---- Data section

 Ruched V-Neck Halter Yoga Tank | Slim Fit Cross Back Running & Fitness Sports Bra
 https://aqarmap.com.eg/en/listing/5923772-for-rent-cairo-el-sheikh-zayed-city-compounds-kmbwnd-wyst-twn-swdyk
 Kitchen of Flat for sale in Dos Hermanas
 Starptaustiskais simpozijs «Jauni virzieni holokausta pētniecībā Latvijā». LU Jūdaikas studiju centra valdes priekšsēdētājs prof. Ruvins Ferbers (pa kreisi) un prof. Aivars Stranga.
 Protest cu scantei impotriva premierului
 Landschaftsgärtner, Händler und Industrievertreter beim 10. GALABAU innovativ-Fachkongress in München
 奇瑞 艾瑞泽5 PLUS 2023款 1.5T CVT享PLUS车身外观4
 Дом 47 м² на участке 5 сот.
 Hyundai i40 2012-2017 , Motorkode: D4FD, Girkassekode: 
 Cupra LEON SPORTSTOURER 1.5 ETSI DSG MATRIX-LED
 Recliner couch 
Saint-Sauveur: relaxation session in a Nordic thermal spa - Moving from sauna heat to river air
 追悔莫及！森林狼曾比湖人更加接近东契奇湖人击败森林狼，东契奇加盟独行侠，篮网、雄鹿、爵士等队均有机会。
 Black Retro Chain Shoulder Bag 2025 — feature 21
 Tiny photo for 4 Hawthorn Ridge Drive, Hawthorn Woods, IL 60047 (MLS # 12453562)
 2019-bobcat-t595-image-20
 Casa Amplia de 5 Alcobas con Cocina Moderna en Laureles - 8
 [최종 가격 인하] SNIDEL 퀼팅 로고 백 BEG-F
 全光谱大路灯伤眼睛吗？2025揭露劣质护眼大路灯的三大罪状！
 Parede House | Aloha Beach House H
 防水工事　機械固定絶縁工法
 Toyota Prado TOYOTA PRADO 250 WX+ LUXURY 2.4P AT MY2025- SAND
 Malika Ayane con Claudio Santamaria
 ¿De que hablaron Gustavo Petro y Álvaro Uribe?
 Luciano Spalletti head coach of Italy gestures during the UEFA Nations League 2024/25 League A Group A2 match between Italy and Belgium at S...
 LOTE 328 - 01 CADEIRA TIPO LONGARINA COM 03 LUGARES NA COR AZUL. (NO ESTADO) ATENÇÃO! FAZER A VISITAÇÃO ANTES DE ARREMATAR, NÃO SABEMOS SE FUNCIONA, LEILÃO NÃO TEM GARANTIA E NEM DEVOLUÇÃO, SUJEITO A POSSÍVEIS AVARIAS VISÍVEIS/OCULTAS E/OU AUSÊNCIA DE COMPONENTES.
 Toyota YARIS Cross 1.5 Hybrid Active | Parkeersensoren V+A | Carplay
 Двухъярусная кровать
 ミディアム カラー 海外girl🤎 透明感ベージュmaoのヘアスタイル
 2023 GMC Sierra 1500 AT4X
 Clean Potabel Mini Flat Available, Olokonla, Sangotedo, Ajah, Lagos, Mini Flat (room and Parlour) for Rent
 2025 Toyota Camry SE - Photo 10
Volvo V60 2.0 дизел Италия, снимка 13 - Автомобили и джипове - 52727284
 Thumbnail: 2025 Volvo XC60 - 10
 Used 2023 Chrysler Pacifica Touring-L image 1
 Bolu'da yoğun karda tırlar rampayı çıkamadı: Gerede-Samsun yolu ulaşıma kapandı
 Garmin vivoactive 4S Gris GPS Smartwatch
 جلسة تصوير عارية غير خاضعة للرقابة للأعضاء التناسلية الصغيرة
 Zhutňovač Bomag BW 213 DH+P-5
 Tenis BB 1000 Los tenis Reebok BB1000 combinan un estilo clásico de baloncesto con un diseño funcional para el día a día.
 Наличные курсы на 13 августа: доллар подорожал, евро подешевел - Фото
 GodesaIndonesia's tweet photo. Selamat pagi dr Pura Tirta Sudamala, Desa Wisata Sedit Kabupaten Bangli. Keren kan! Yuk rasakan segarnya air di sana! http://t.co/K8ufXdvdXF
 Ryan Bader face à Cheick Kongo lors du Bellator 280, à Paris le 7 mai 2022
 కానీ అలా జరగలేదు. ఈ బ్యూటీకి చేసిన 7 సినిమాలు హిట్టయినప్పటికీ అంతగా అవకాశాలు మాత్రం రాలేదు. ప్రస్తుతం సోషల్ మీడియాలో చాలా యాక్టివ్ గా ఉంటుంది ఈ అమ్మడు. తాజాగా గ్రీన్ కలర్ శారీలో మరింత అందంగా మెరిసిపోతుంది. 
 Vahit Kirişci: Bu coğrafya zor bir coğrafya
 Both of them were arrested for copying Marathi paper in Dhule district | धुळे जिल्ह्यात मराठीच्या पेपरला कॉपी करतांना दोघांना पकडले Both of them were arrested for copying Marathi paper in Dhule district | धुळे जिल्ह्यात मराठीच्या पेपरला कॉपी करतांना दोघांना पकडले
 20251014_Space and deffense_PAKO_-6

--------

**Exercise brief**
Go line by line through the data above and report each one that holds the string "Toyota".

**Solution to this task**
 Toyota Prado TOYOTA PRADO 250 WX+ LUXURY 2.4P AT MY2025- SAND
 Toyota YARIS Cross 1.5 Hybrid Active | Parkeersensoren V+A | Carplay
 2025 Toyota Camry SE - Photo 10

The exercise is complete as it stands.